Icha menghirup udara dalam-dalam, menghirup udara sore yang bebas masuk lewat jendela kamarnya. Ia sangat suka berada di sana. Duduk dan menatap ke luar jendela. Tak ada pemandangan yang istimewa. Hanya jalan yang tak terlalu lebar yang memisahkan rumahnya dengan rumah tetangga. Tapi di sepanjang jalan yang kerap dilewati warga kampungnya itu juga ditanami berbagai bunga.
Keluarga Icha dan keluarga tetangganya itulah yang menanam dan merawat bunga-bunga itu. Hingga membuat jalan yang tak begitu lebar itu indah dan nyaman dilalui. Tak jarang pula banyak anak-anak yang berlarian di sepanjang jalan hanya untuk bermain. Maka, jadilah jendela kamar Icha menjadi tempat kesukaannya.
"Nak, ada Fitri, tuh," ayah Icha tiba-tiba menegur dari ambang pintu kamar anak gadisnya.
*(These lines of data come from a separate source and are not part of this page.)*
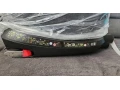 autosedacka-britax-romer-dualfix-2r-small-3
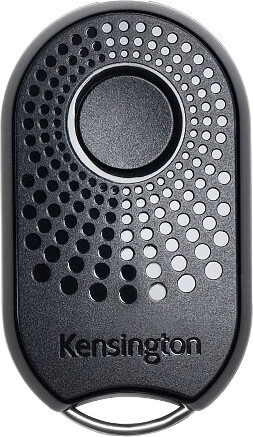 Kensington Proximo Tag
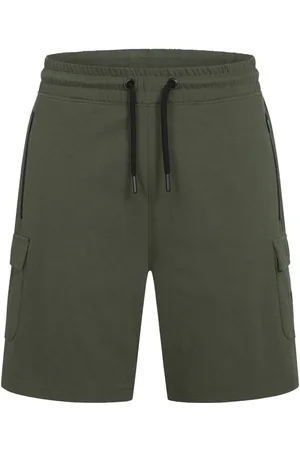 Lonsdale London Shortsit - TOTTON - S- XXL - varten Miehet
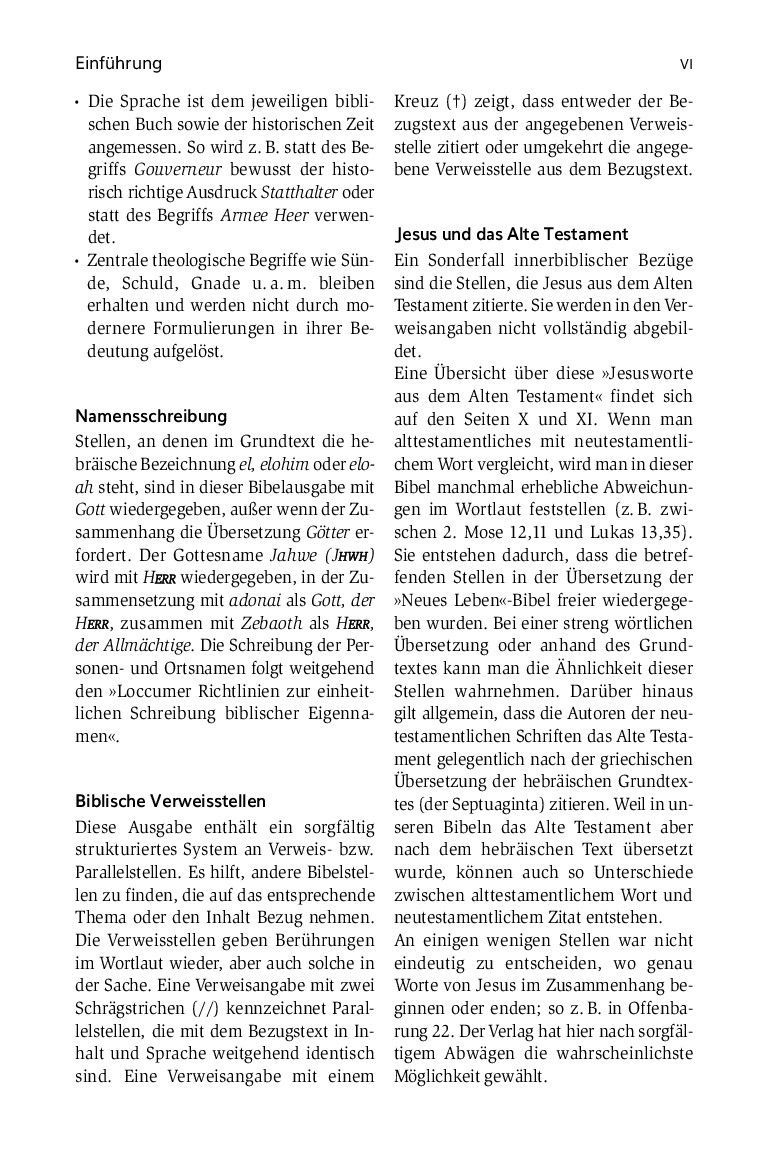 ABC Medien GmbH-Wie kann ich das verstehen?_2431747_7 ABC Medien GmbH-Wie kann ich das verstehen?_2431747_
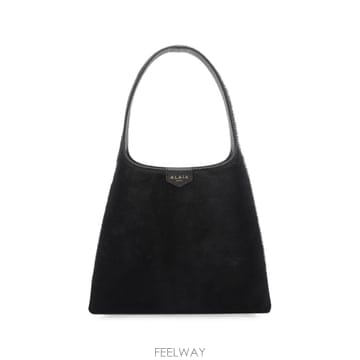 Alaia [P13]�˶��̾� AA1L1017I047719 ���� ��Ʈ�� �ڵ�� ž�ڵ�� ���� ���۹� ����� ũ�ν��� ����[P13]�˶��̾� AA1L1017I047719 ���� ��Ʈ�� �ڵ�� ž��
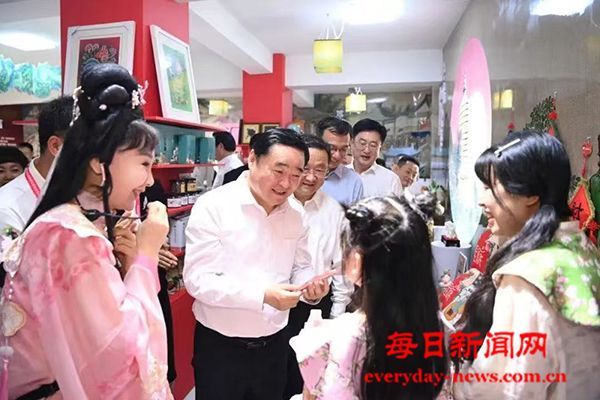 2025辽宁省文体旅融合成果展示交流及调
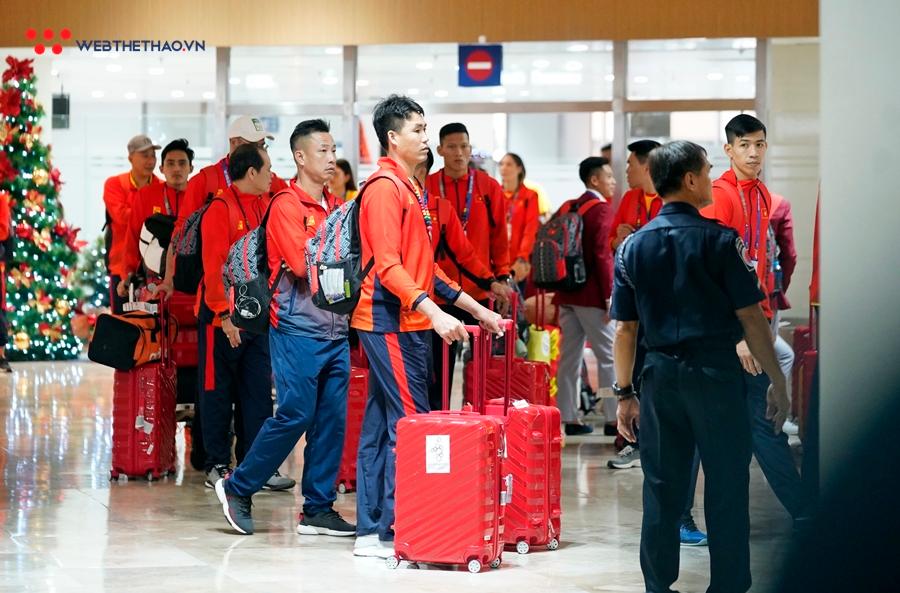 Ngày Thể thao Việt Nam 2020: "Nốt trầm" vì dịch COVID-19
Icha teringat, tadi pagi ia memang menghubungi Fitri dan menyuruhnya datang. Icha pun berlari ke ruang tamu. Benar saja, sahabatnya itu sudah duduk manis di sana. Icha menghampiri lalu memeluknya.
"Nginep, kan?" tanya Icha tanpa basa-basi. Fitri mengangguk mantap.
"Tapi besok kamu ikut, ya, ke kampusku."
"Ngapain?"
"Bantu nugas." Fitri menampakkan cengiran. "Aku lupa gak bawa tugasku ke sini. Kamu gak lagi repot, kan? Diizinin gak sama ayahmu?" Fitri lalu menampilkan tatapan memohon. Membuat Icha tersenyum geli.
"Gak lagi repot, kok. Tugas dosen pembimbing tinggal tunggu feedback. Kalau soal izin gampang." Mereka pun tersenyum senang.
Icha lalu mengajak Fitri ke kamarnya. Menikmati udara sore di jendela kamar.
"Cha, kamu gak mau cerita sesuatu?" tanya Fitri tiba-tiba sembari melahap kue yang disuguhkan ayah Icha sebelumnya.
"Cerita apa?" Icha mengernyit, lalu menyeruput teh yang sebelumnya juga telah dibuatkan oleh ayahnya.
"Soal Rizky."
Icha tersedak. Bagaimana bisa sahabatnya itu tiba-tiba bertanya soal Rizky? Icha terbatuk beberapa saat. Fitri sampai harus membantu menepuk-nepuk punggung Icha untuk meredakan batuknya.
"Kenapa tiba-tiba tanyain Rizky?" Icha bertanya setelah batuknya mereda. Fitri hanya mengangkat bahu.
"Kayaknya dia lagi dekatin kamu," jawab Fitri kemudian.
"Kenapa menyimpulkan begitu?"
"Karena teman-teman juga bicarain itu."
"Yang benar aja!" Icha tak habis pikir. Bagaimana bisa Rizky dan dirinya menjadi pembicaraan teman-temanya? Rizky hanya pernah meneleponnya sekali, dan, itu tidak berarti apa-apa, bukan? Icha menggeleng-gelengkan kepalanya.